§ Work order: Apart from the pictures, every entry must be retyped exactly.

----------------

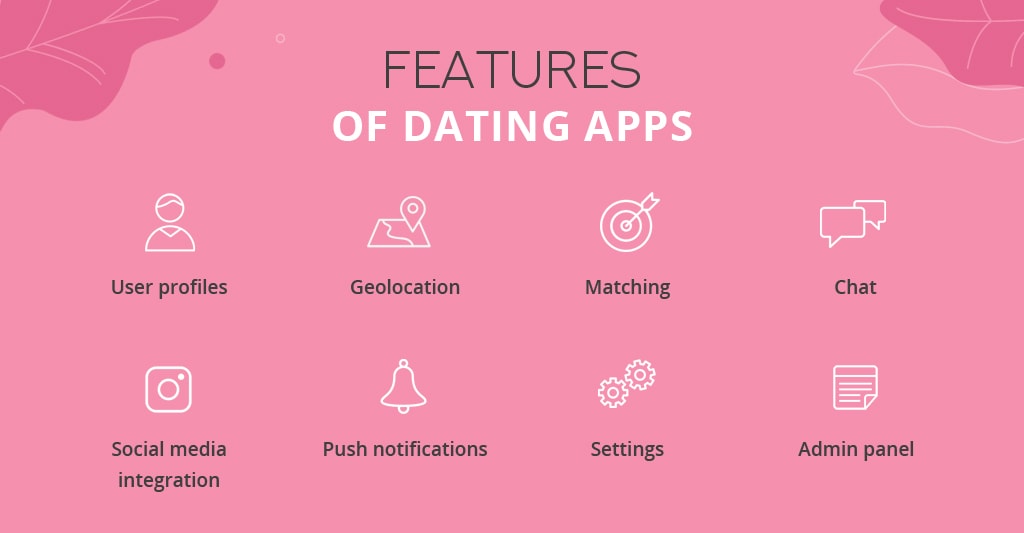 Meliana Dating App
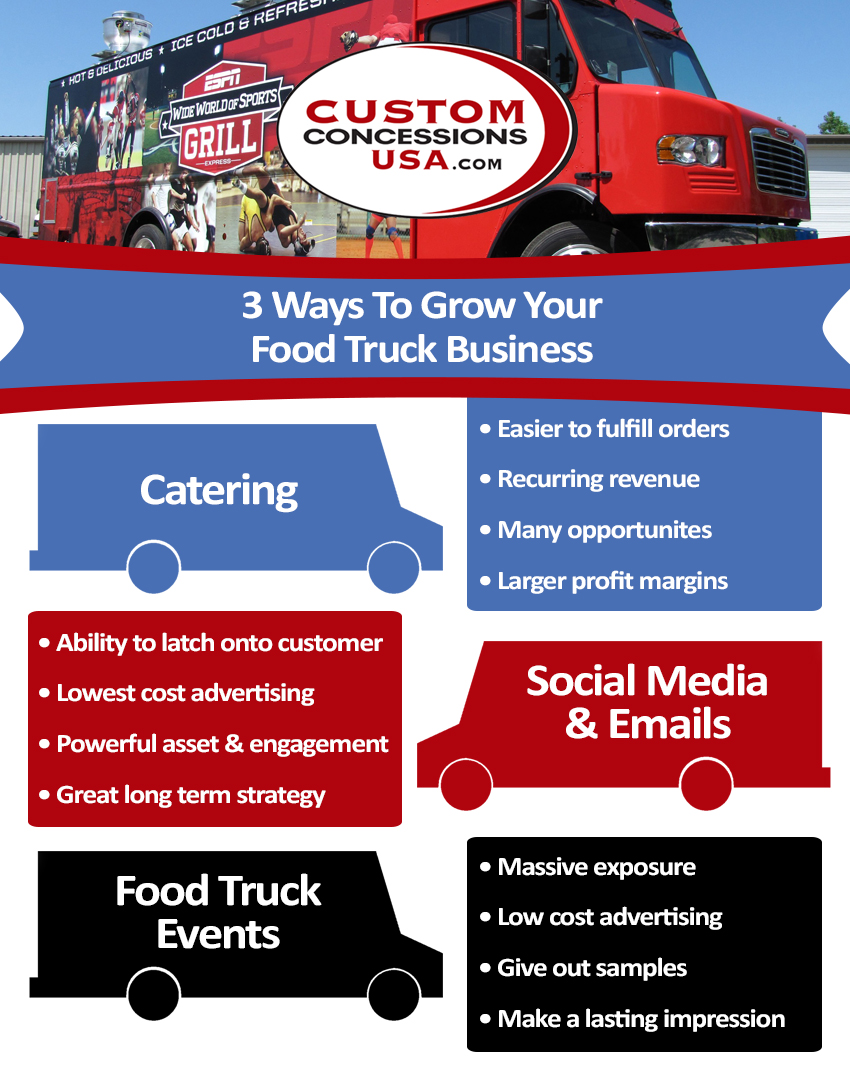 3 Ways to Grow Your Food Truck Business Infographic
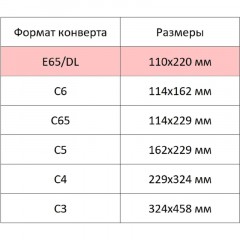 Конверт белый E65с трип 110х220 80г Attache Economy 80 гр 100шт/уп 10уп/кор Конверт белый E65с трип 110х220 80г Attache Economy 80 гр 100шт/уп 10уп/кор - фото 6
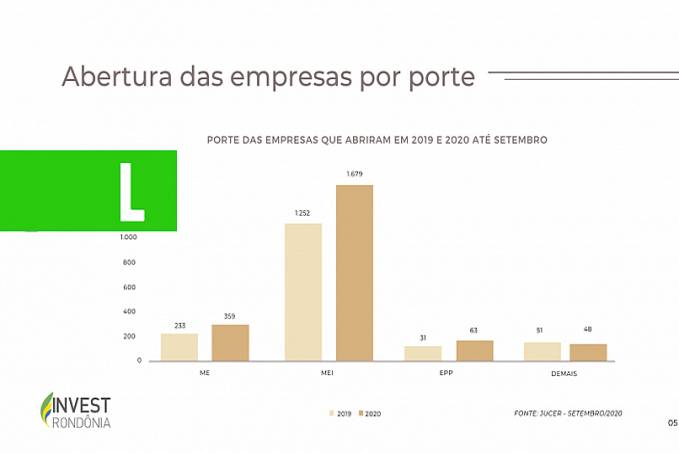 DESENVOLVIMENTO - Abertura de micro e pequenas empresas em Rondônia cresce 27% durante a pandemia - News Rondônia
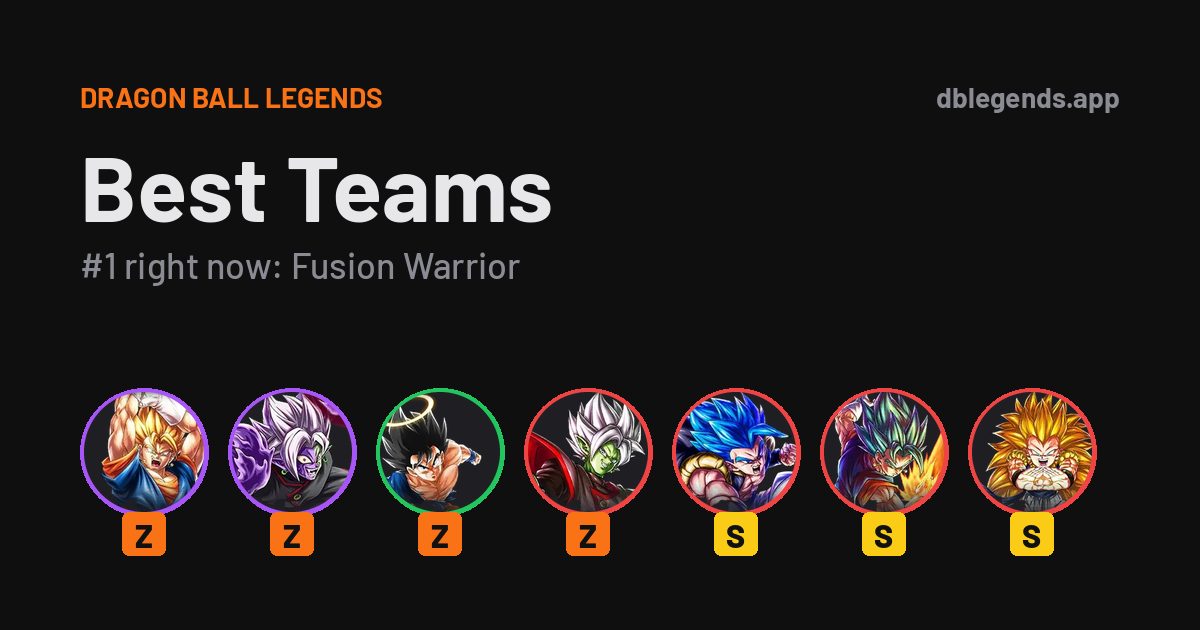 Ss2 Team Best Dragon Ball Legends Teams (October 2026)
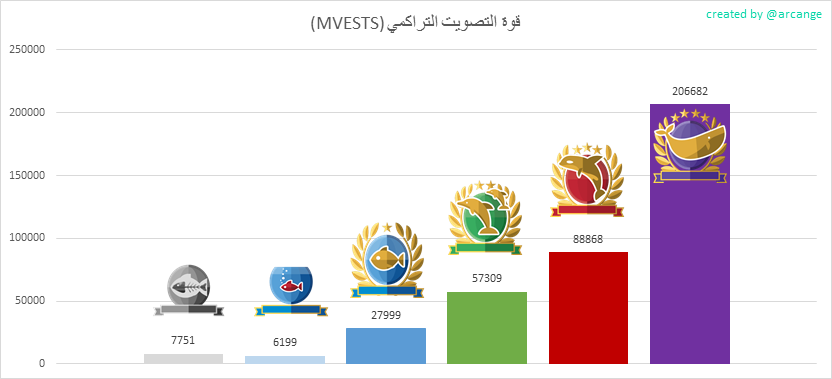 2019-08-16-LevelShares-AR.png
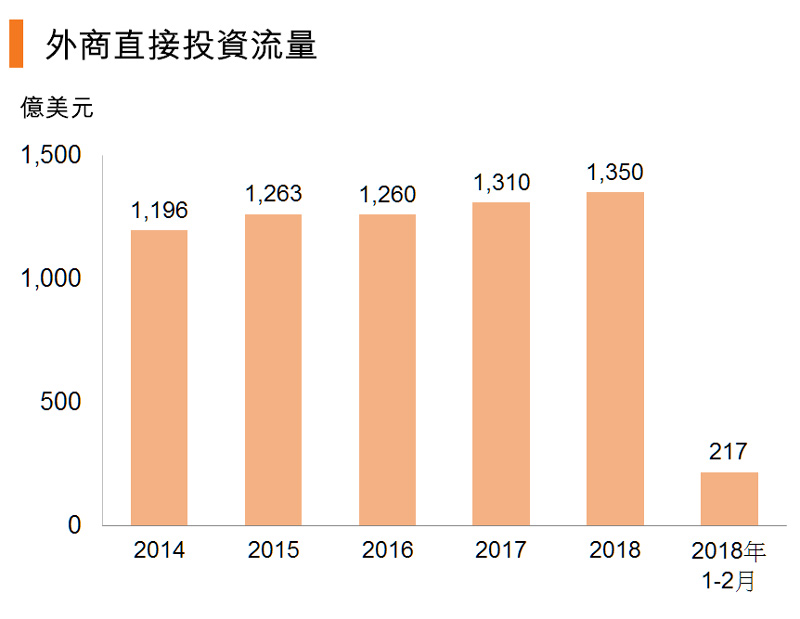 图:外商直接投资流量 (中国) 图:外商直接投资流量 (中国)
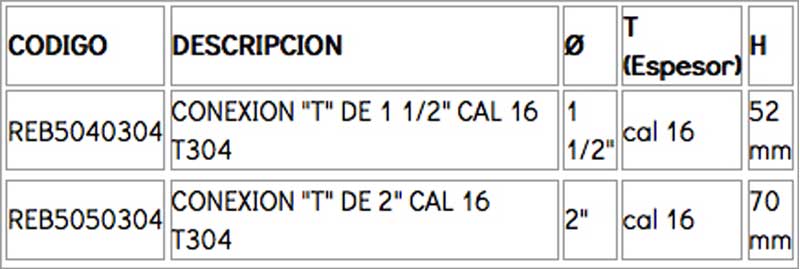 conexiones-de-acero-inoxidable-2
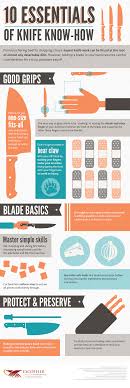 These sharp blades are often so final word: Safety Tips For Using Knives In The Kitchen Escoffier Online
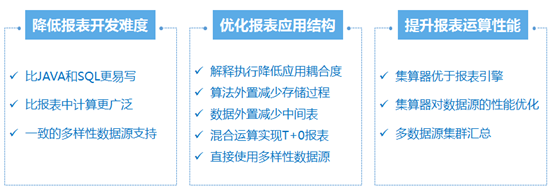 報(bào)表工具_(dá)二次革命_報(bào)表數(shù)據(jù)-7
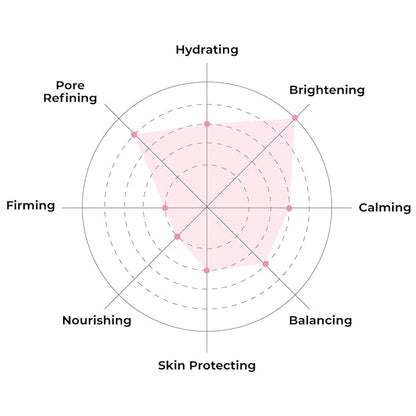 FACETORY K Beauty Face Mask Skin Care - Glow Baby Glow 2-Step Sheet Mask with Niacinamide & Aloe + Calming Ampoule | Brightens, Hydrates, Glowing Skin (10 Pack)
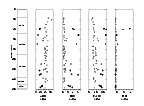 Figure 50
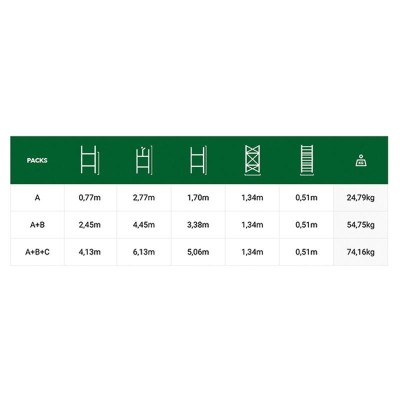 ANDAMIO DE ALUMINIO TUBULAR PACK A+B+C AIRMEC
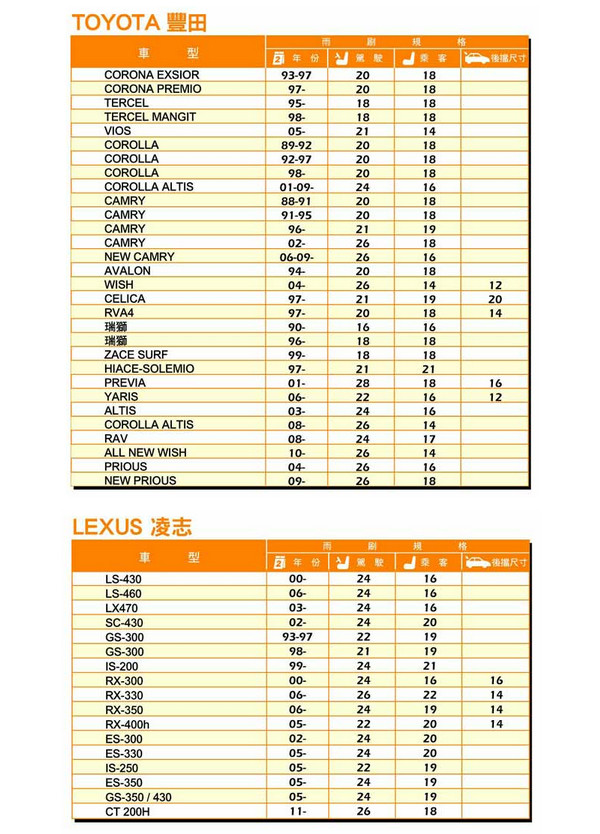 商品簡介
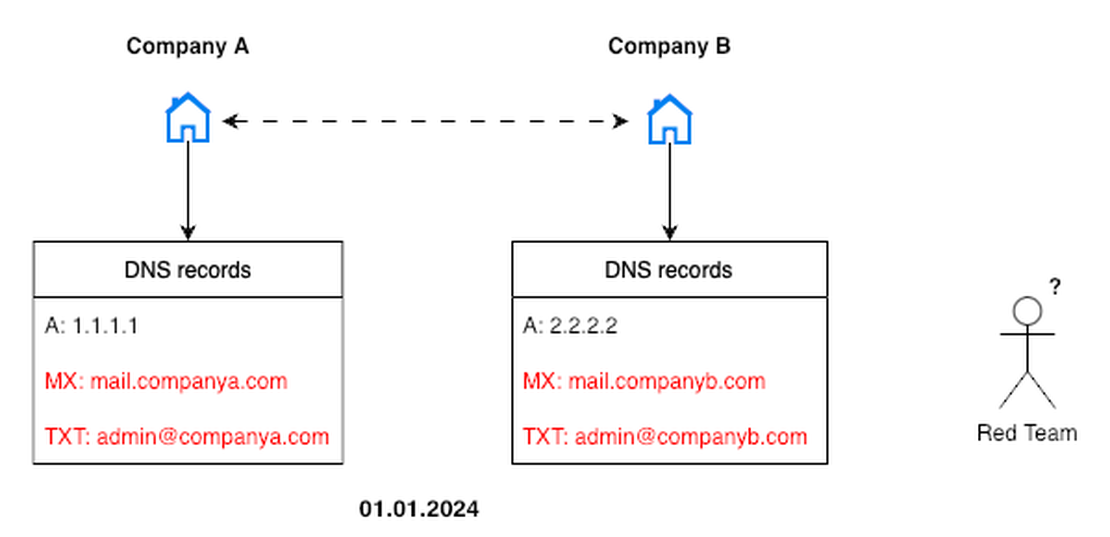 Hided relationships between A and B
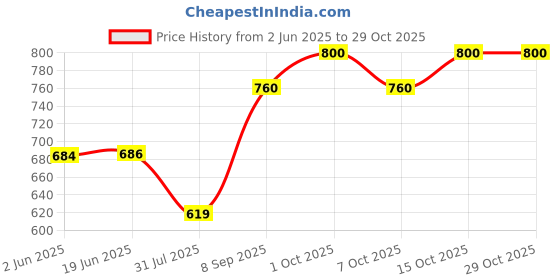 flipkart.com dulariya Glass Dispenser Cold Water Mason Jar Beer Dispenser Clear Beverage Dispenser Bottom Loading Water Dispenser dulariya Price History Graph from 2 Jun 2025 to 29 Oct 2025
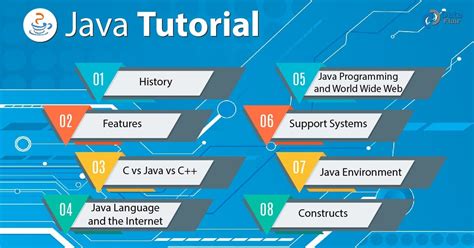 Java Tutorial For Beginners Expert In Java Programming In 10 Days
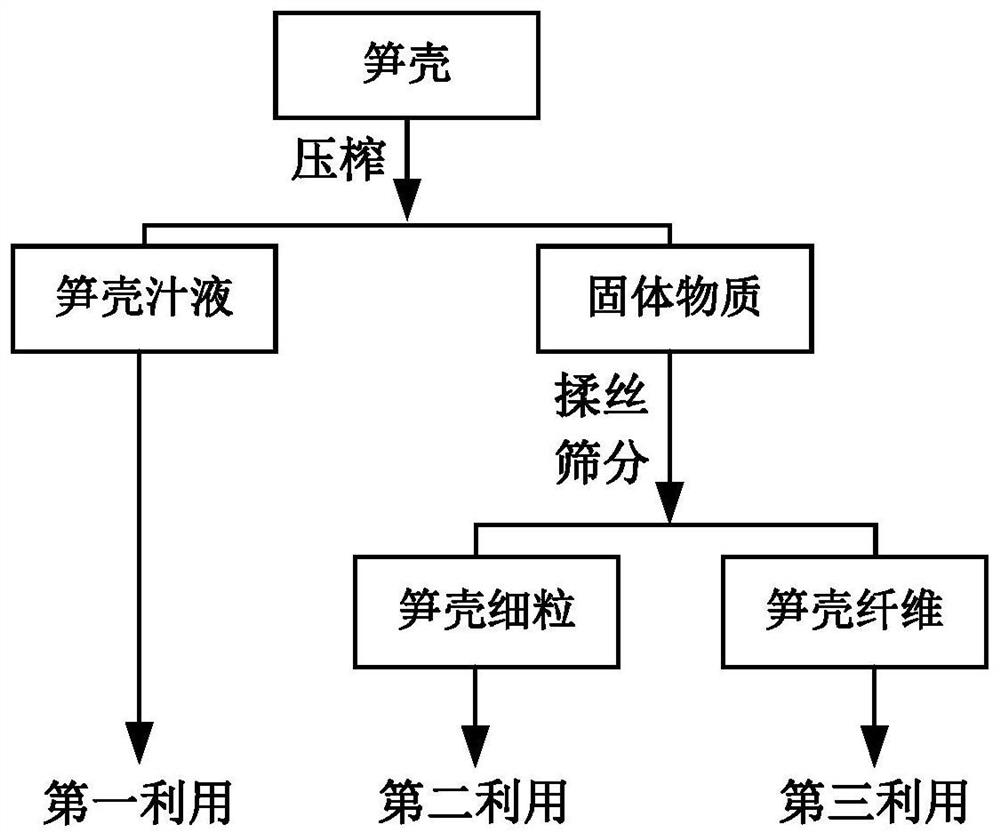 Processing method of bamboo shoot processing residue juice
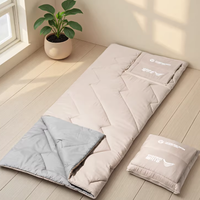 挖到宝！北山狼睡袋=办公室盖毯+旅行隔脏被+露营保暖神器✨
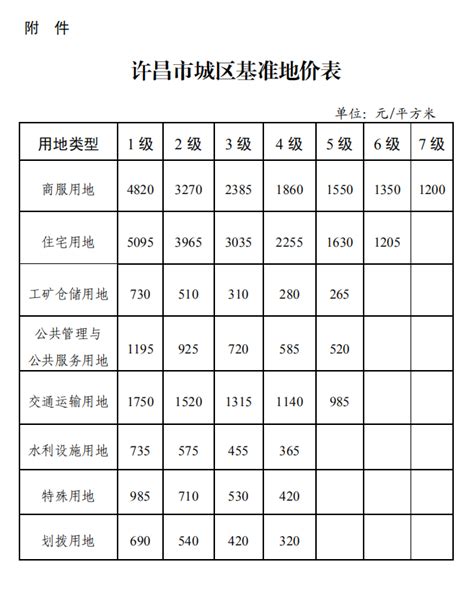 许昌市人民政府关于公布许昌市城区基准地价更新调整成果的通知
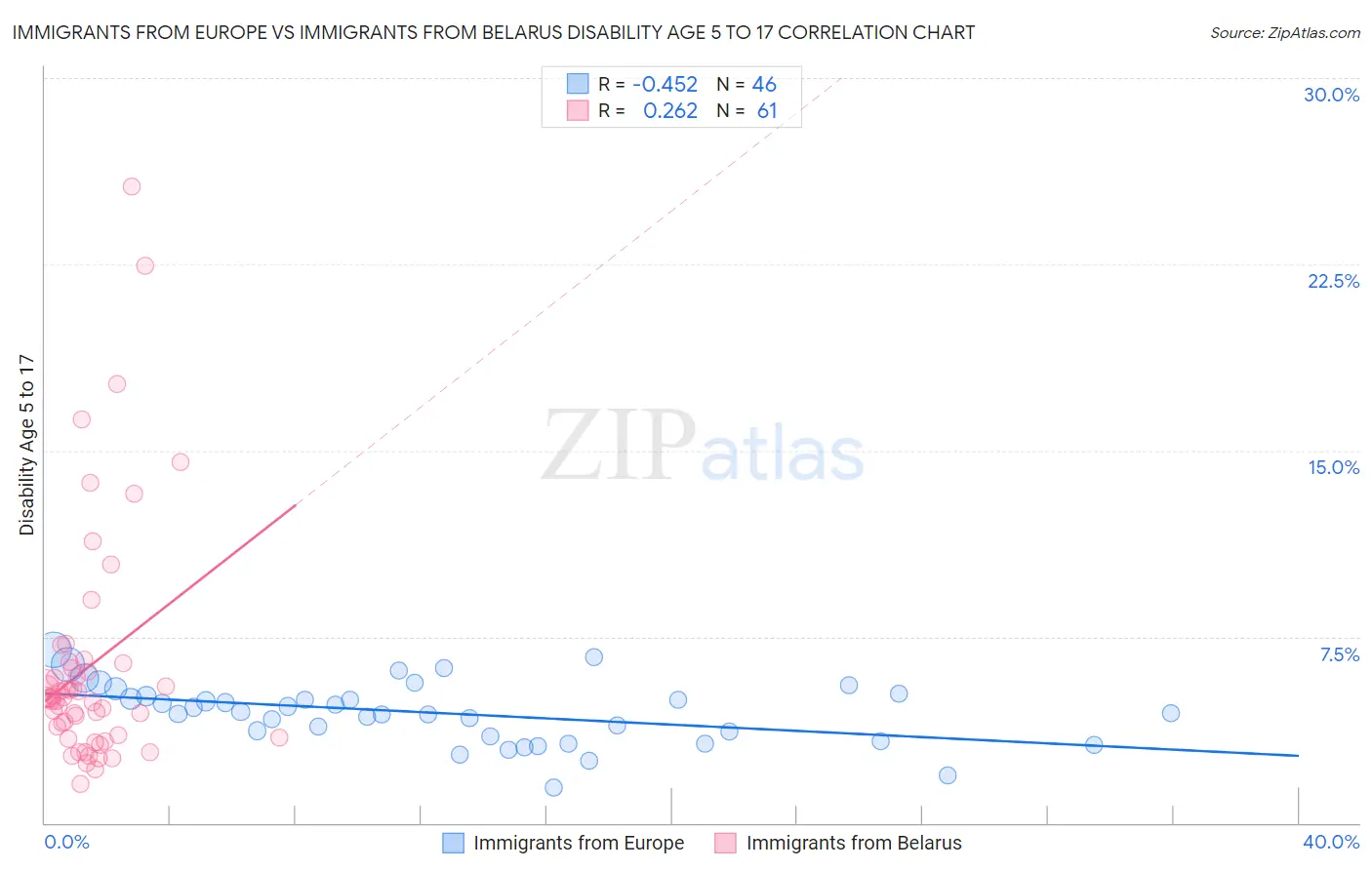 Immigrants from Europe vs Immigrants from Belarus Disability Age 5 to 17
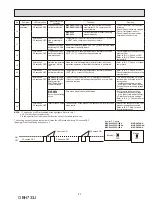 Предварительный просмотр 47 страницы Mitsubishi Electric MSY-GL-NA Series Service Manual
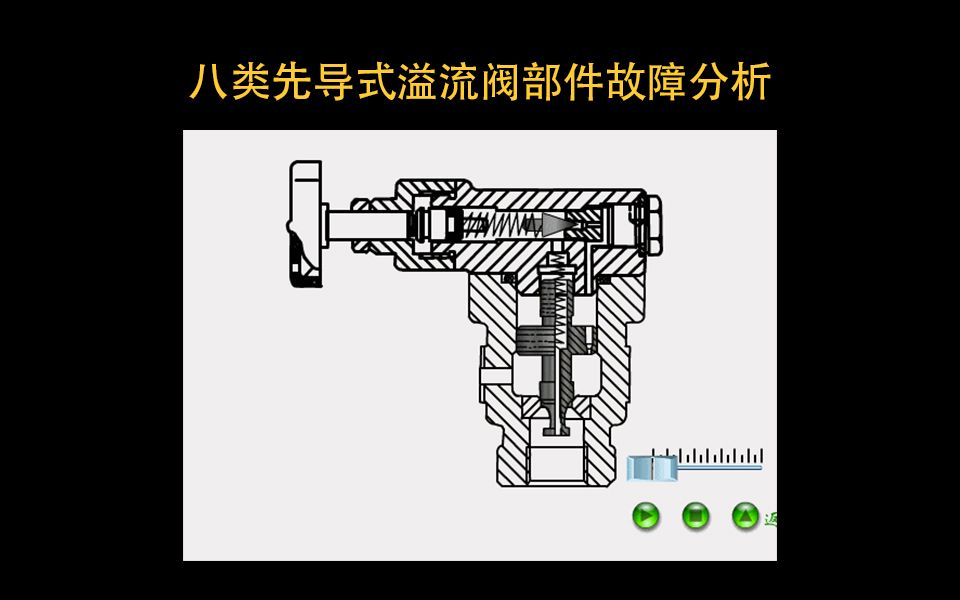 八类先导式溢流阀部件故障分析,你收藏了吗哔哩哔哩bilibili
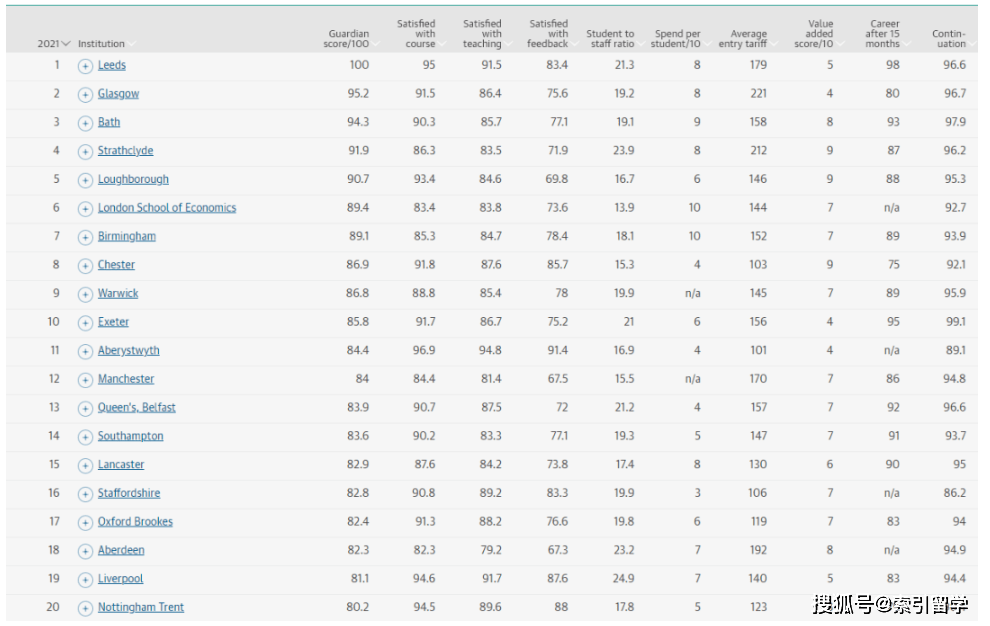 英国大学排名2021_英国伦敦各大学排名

----------------

§ Solution for this exercise:
 Meliana Dating App
 3 Ways to Grow Your Food Truck Business Infographic
 Конверт белый E65с трип 110х220 80г Attache Economy 80 гр 100шт/уп 10уп/кор Конверт белый E65с трип 110х220 80г Attache Economy 80 гр 100шт/уп 10уп/кор - фото 6
 DESENVOLVIMENTO - Abertura de micro e pequenas empresas em Rondônia cresce 27% durante a pandemia - News Rondônia
 Ss2 Team Best Dragon Ball Legends Teams (October 2026)
 2019-08-16-LevelShares-AR.png
 图:外商直接投资流量 (中国) 图:外商直接投资流量 (中国)
 conexiones-de-acero-inoxidable-2
 These sharp blades are often so final word: Safety Tips For Using Knives In The Kitchen Escoffier Online
 報(bào)表工具_(dá)二次革命_報(bào)表數(shù)據(jù)-7
 FACETORY K Beauty Face Mask Skin Care - Glow Baby Glow 2-Step Sheet Mask with Niacinamide & Aloe + Calming Ampoule | Brightens, Hydrates, Glowing Skin (10 Pack)
 Figure 50
 ANDAMIO DE ALUMINIO TUBULAR PACK A+B+C AIRMEC
 商品簡介
 Hided relationships between A and B
 flipkart.com dulariya Glass Dispenser Cold Water Mason Jar Beer Dispenser Clear Beverage Dispenser Bottom Loading Water Dispenser dulariya Price History Graph from 2 Jun 2025 to 29 Oct 2025
 Java Tutorial For Beginners Expert In Java Programming In 10 Days
 Processing method of bamboo shoot processing residue juice
 挖到宝！北山狼睡袋=办公室盖毯+旅行隔脏被+露营保暖神器✨
 许昌市人民政府关于公布许昌市城区基准地价更新调整成果的通知
 Immigrants from Europe vs Immigrants from Belarus Disability Age 5 to 17
 Предварительный просмотр 47 страницы Mitsubishi Electric MSY-GL-NA Series Service Manual
 八类先导式溢流阀部件故障分析,你收藏了吗哔哩哔哩bilibili
 英国大学排名2021_英国伦敦各大学排名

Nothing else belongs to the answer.